UPST enters the back half of June with two pressure points converging: short interest is creeping back up after a month-long decline, and the options market has just printed its most defensive reading in weeks — all while the stock drifts 2.4% lower on the week to $31.46.
The positioning story is where the tension lives. Short interest has climbed to 27.7% of free float — among the most heavily shorted names in consumer finance — and has ticked up roughly 2% over the past week after falling about 1.7% through May. That rebuild is happening into tightening borrow availability: shares available to lend have fallen 30% in one week, dropping to just 23.4% of short interest from above 33% last Monday.

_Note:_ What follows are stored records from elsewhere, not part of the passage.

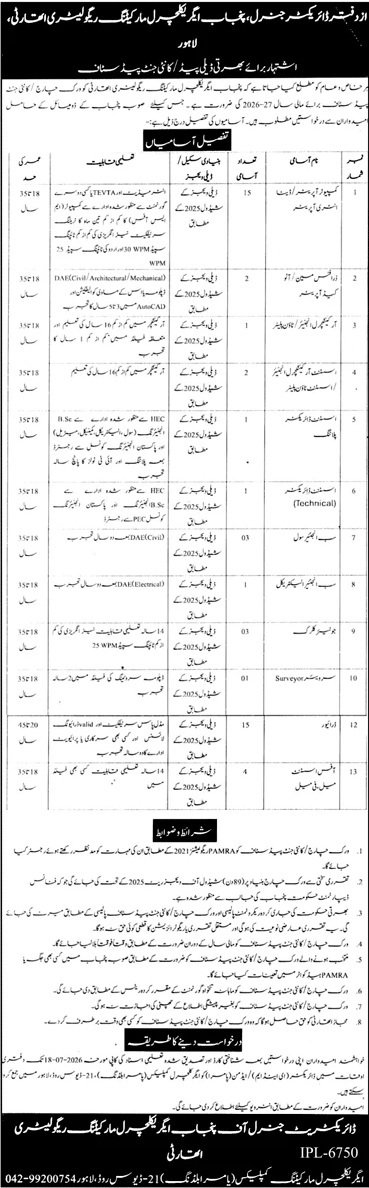 Directorate General, Punjab Agricultural Marketing Jobs 2026 — original advertisement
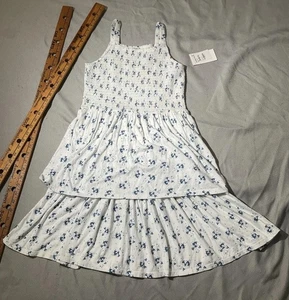 NWT Nordstrom Dress Youth Girls XL 14-16 White Blue Tiered Layered Floral - Picture 1 of 15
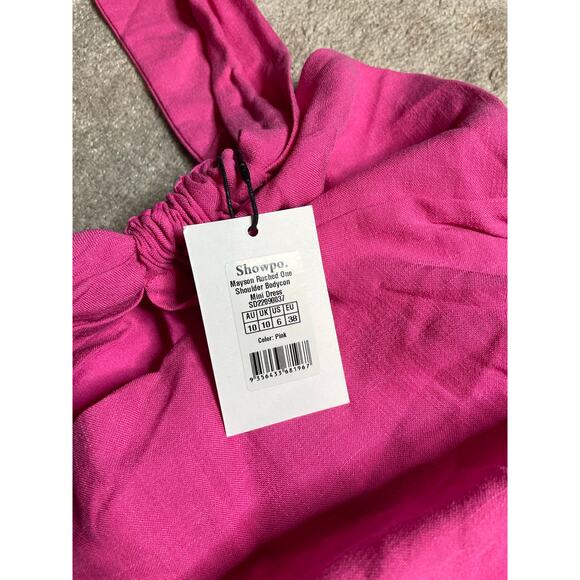 NEW Show Po Mayson Rouched One Shoulder Body Con Mini Dress Size 6 Pink - Picture 3 of 8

At this level, availability has nearly halved from its mid-June reading of 51%, and is now approaching the lows that marked early June when the borrow pool tightened to a 52-week floor of 12.6%. Cost to borrow, by contrast, remains negligible at 0.69% — down 15% on the week — so the tighter availability hasn't yet translated into a premium for new shorts. That divergence is worth watching: short interest is growing and availability is shrinking, but the price of the borrow hasn't moved. The ORTEX short score has drifted to 75.3, a two-week high, ranking UPST in just the 2nd percentile of the universe on short score — one of the most short-pressured names tracked. Options are adding to the cautious read: the put/call ratio jumped to 0.67, nearly three standard deviations above its 20-day average of 0.61. That's the most defensive options posture UPST has seen in the post-May-earnings period, and sits near the middle of its 52-week range between 0.43 and 0.98.
The Street is constructive in aggregate but has been steadily trimming its ambitions. Analyst targets cluster around $37–$51 across the active bulls, with a consensus mean near $40 — about 27% above the current price. The direction of travel, however, has been one of selective target cuts: following the May earnings miss, Piper Sandler lowered its target from $56 to $46 while holding Overweight, and Needham trimmed from $40 to $37 maintaining Buy. BTIG held its $43 Buy unchanged. That pattern — rating held, target cut — is the Street's way of saying "still believers, but the near-term path is messier than expected." The one outlier on the other side is Citizens, which maintains a Market Underperform at $20, well below where the stock trades. On valuation, the P/E has expanded to 11.3x over the past month — up nearly a full turn in 30 days — while EV/EBITDA has eased to 11.9x. EPS momentum ranks in the 89th and 86th percentile over 30- and 90-day windows, a genuine bright spot. The bull case rests on AI-driven underwriting differentiation and the shift to committed capital reducing funding volatility; bears point to private credit headwinds and the sensitivity of the model to rate moves.
Insider activity through May and early June has been uniformly one-directional: all sells. The divisional president sold shares three separate times — in May and again on June 9 at $30.41 — alongside the CFO and Chief Legal Officer. None of the individual transactions are large enough to move markets, but the pattern across five different executives across six weeks points to consistent distribution near current price levels, not accumulation. Net insider flow over the past 90 days is a positive $7.6 million in value terms, though that reflects share count changes rather than open-market buying — the recent-trade table shows zero purchases.
The next earnings event is August 4. The two most recent prints delivered sharp swings in opposite directions: a 10% drop after the May 5 release, then a 10% gain following the May 28 event. That alternating pattern underscores the binary nature of each print for UPST, where guidance and loan volume metrics tend to reset positioning quickly. With short interest still near 28% of float, a squeeze or a pile-on following August 4 both remain live scenarios depending on the direction of the move.
What to watch into August: whether availability continues tightening toward the early-June lows of 12–14% — the point where new short demand starts to meet a genuinely constrained borrow pool — and whether the options put/call ratio continues to push toward its 52-week high of 0.98 as the earnings date approaches.